Officials and residents of an island south of Tokyo gathered Thursday to mourn the victims of mud slides that left 39 residents dead and missing a year ago.
Typhoon Wipha hit Izu-Oshima Island on Oct. 16, 2013, triggering flash floods that ripped through town suburbs. Authorities afterward faced heavy criticism for failing to issue evacuation warnings.
On the disaster’s first anniversary, a moment of silence was held for those lost. They pledged to rebuild the areas and communities damaged.
“It’s hard to believe it’s already been a year,” said one man, who said he came to pray for a lost friend.
Reconstruction has been slow so far, with bare rock still visible where a deluge of water, mud and rock swept away trees and smashed into houses below. Some 82 residents are still in temporary accommodation.
In February, the town of Oshima established a disaster prevention panel. The committee has met regularly with residents since April and last month drafted a 10-year reconstruction plan.
The proposals include a plan for how to use the land and a project to build 34 housing facilities by fiscal 2016 in the Motomachi district, which was the most severely damaged.
The land use plan foresees the district being divided into four zones, which will determine where housing and other facilities should be built. The details have yet to be decided.

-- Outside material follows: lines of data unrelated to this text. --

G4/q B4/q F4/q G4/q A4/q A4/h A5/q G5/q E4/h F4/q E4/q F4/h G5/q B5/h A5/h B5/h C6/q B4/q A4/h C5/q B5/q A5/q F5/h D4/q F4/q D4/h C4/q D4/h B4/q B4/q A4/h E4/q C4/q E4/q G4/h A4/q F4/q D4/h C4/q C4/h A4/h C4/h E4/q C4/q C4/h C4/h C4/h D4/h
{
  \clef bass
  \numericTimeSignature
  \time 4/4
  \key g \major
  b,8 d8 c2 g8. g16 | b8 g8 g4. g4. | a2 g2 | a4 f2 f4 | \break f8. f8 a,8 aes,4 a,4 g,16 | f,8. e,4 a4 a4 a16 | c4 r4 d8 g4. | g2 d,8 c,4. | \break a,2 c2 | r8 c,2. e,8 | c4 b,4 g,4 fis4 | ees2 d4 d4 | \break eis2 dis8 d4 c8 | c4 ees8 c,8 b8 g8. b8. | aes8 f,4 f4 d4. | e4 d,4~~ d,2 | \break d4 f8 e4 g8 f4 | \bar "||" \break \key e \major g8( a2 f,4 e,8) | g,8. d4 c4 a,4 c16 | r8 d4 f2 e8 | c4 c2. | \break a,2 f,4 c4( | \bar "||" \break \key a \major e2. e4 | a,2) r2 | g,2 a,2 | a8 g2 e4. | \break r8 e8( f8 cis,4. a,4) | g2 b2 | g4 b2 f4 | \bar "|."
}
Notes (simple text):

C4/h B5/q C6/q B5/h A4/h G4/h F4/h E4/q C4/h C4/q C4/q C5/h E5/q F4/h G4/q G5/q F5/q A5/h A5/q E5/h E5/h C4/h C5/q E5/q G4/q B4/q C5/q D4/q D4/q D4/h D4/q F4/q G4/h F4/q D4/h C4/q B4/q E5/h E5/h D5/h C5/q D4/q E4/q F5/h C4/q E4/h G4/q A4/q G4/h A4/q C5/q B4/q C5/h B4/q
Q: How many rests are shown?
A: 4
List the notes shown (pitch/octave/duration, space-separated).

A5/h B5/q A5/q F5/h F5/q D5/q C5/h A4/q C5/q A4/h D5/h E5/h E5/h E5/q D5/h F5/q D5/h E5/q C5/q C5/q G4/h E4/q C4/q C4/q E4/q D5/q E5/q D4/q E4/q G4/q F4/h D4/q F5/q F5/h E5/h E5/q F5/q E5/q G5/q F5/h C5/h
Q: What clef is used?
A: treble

The municipality faced strong criticism for failing to issue an evacuation advisory even though the Meteorological Agency had warned of heavy rain and mudslides for both the Tokyo Metropolitan Government and the island itself, which falls within Tokyo’s administration.

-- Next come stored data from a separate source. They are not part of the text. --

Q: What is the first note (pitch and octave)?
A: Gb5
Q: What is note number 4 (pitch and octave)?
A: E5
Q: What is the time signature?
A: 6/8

Soon after the disaster, the metropolitan government began working on measures such as new landslide control barriers for placement near the creeks that flooded.
In December, the town also established new guidelines on when to issue evacuation advisories.
But this has not salved the grief felt by families and neighbors who suffered loss that day.
Among those who offered prayers and flowers on Thursday was Naoki Satomi, 49, who lost his mother, elder sister and brother-in-law when the family home was swept away.
“I asked them to forgive (my helplessness) as this is all I can do,” Satomi said at the site of the house, where only the ceramic tiles of its entrance porch remain.
Some people laid flowers on the stands set up by residents.
“Every time I visit this place, my heart bleeds,” said Natsumi Ogawa, 64, who came to remember a couple with whom she had worked. “The land has been cleared now, which makes me realize that the time has passed.”